[Stored items from a collection]

----------------------------------------

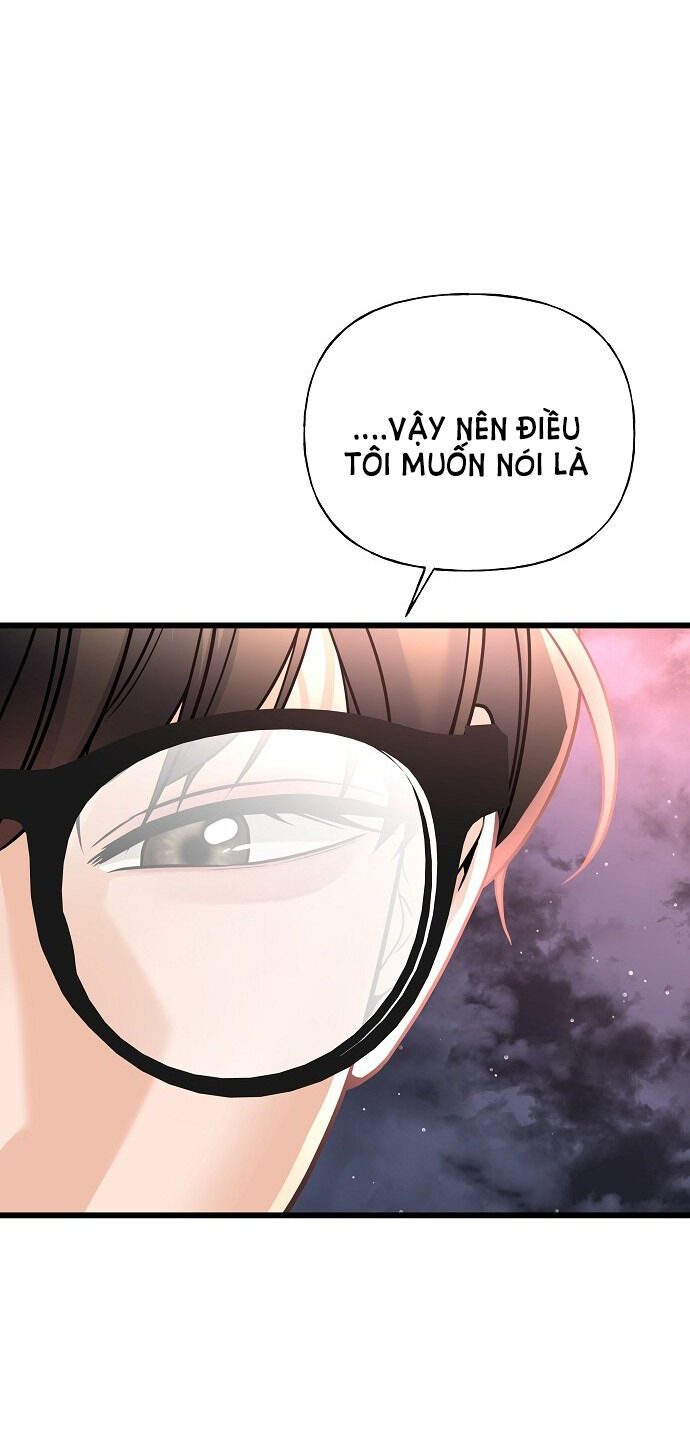 Random Target - Mục Tiêu Ngẫu Nhiên Chap 12.1 - Next Chap 13.1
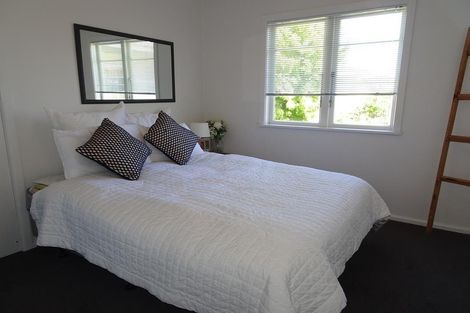 Photo of property in 9a Cornwall Road, Taradale, Napier, 4112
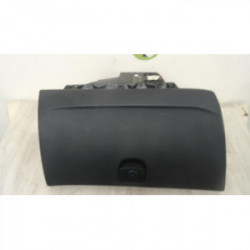 Boite a gants PEUGEOT 407 PHASE 1 d’occasion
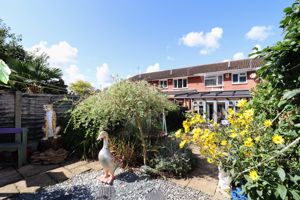 Rear View- click for photo gallery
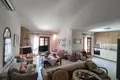Вилла 6 комнат 160 м² Thermaikos Municipality, Греция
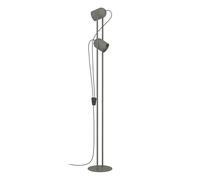 TILSTON Lampadaire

----------------------------------------

# WHAT THIS TASK INVOLVES
Where a record holds a picture, leave the picture out and restate the rest word for word.

# ANSWER FOR THIS EXERCISE
 Random Target - Mục Tiêu Ngẫu Nhiên Chap 12.1 - Next Chap 13.1
 Photo of property in 9a Cornwall Road, Taradale, Napier, 4112
 Boite a gants PEUGEOT 407 PHASE 1 d’occasion
 Rear View- click for photo gallery
Вилла 6 комнат 160 м² Thermaikos Municipality, Греция
 TILSTON Lampadaire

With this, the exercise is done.